NEW ROCHELLE, NY -- New Rochelle Police Commissioner Patrick Carroll repeatedly intervened with public officials after Mauro Zonzini was arrested by Rye Police in 2008.
Carroll and Zonzini made numerous efforts to influence, directly or indirectly, various public officials to assist Zonzini, according to records and information obtained by Talk of the Sound.
In a recent interview, Zonzini said that Carroll called Rye Police officials on his behalf, wrote a character-reference letter on his and sent a uniformed New Rochelle Police Officer to Rye to retrieve his property, taken from him at the time of this arrest.
Mauro Zonzini, up until recently a Director of the New Rochelle Police Foundation and Vice President of the New Rochelle Police Advisory Board, was arrested by Rye Police on September 5, 2008 for impersonating a police officer and illegal possession of two loaded handguns.
Zonzini is well-connected politically throughout Westchester. In addition to raising hundreds of thousands of dollars in New Rochelle, according to Carroll, he has made large political contributions elsewhere.
Through his two companies, Zonzini Masonry and Zonzini Pipeline, has made over $30,000 in political contributions since 2006.
After his arrest, Zonzini says he reached out to Commissioner Carroll to intervene.
Zonzini said he called Police Commissioner Carroll from his jail cell to tell him what had happened. Carroll called back to tell him that the District Attorney had already filed a "C Felony". Carroll told him there was nothing he could do for him, that Zonzini would have to go through the legal process.

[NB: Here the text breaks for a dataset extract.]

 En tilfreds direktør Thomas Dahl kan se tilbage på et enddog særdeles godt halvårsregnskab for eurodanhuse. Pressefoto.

According to court papers later filed in Westchester County Court by Andrew J. Maggio, an attorney representing Zonzini, the District Attorney's file was marked "DISMISS" which Maggio believed to have been an instruction to the Assistant District Attorney appearing in Court indicating the matter was considered with more senior District Attorney staff prior to the first court appearance.

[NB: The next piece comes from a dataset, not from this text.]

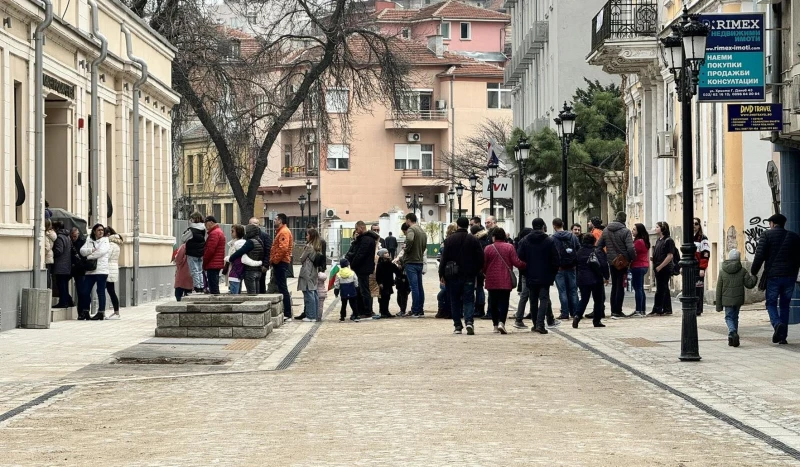 Пловдивчани извиха огромна опашка на Трети март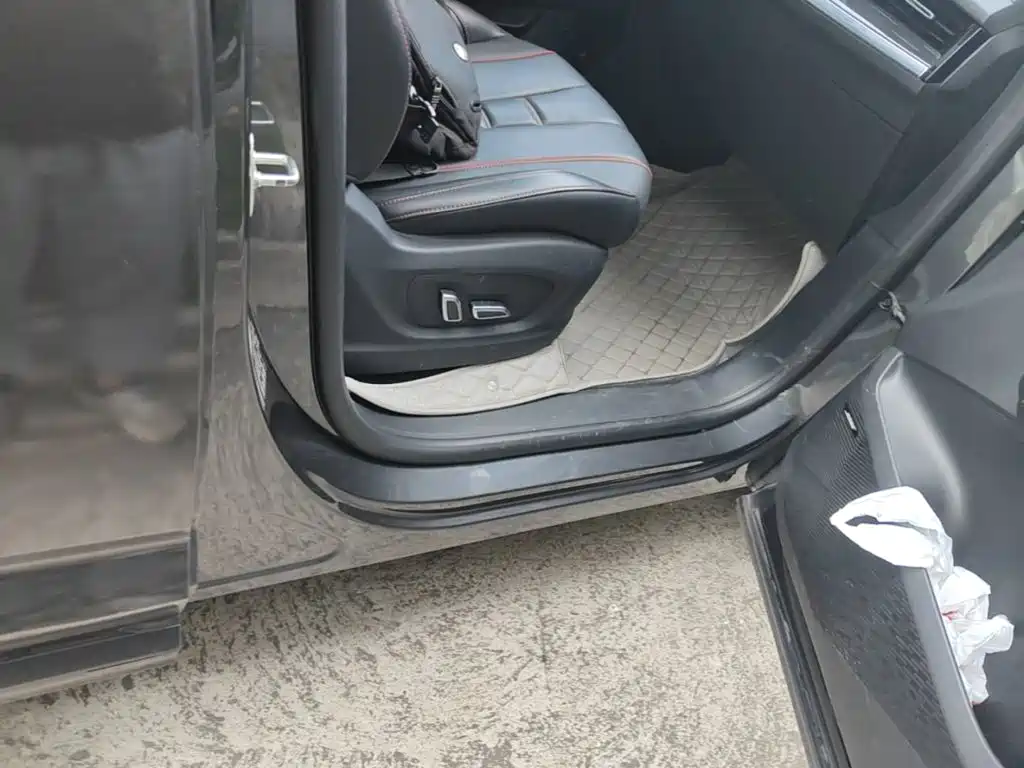 Roewe RX5 MAX 2022 2022 2.0T Automatic Supreme Edition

Criminal charges were later dropped in Rye City Court. Zonzini plead guilty to a traffic violation and paid a small fine.
In 2009, Zonzini's pistol permit license was later revoked as a result of the incident. He was ordered to surrender his firearms by a Westchester County Judge.
Police Commissioner Carroll involved himself in the Order to Show Cause hearing when County Attorney Charlene Indelicato sought to revoke Zonzini's pistol permit license.
Carroll wrote a character-reference letter -- submitted to Judge Cohen at Zonzini's pistol permit revocation hearing --for Zonzini dated September 11, 2008:
Mauro Zonzini, a business person and former resident of the City of New Rochelle, is a Director in good standing with the New Rochelle Police Foundation. He has been an active participant for the past six years raising hundreds of thousands of dollars toward the mission for this foundation; which is to enhance the professionalism of the New Rochelle Police Department through training, equipment and education.
The New Rochelle Police Foundation is a 501c3 organization which is recognized by the City of New Rochelle as a legitimate fundraiser for the New Rochelle Police Department. Accordingly, members of the New Rochelle Police Foundation are provIded with a Director's shield and a Police Department Identification Card to show their legitimacy when soliciting funds in the community.
Patrick J. Carroll Police Commissioner
After the Rye Court disposed of the case, Zonzini says the Rye Police Department refused to return the ID Card and Shield.
"I signed for everything but they did not give back the shield and ID," said Zonzini.
He says he repeatedly went to Rye to get the ID Card and Shield but Rye police would not give him the two items.
Zonzini says that he came to believe that he was being "jerked around" so he called Police Commissioner Carroll to intervene again.
According to Zonzini, Carroll contacted Rye Police Chief William L. Connors who initially refused to return the ID Card and Shield.
Six weeks after the ID Card and Shield were taken during the arrest, long after the case was disposed of in Rye City Court, an agreement was reached between Connors and Carroll whereby a New Rochelle police officer would retrieve the ID Card and Shield for Zonzini.
Zonzini says that New Rochelle Police Officer Michael Young met him in front of the Rye Police Headquarters. Young arrived in a marked New Rochelle police car.
Zonzini accompanied Young into the Rye police headquarters and observed as Young requested the ID Card and Shield. Zonzini says Young was handed both items in a Ziploc bag. Young then handed the ID Card and Shield to Zonzini.
Zonzini, a long-time New Rochelle-based contractor with clients including the City of New Rochelle, the New Rochelle Board of Education and the City of Mount Vernon, has categorically denied the account of events contained in Rye PD and Westchester County records.
This article is the fifth in a series.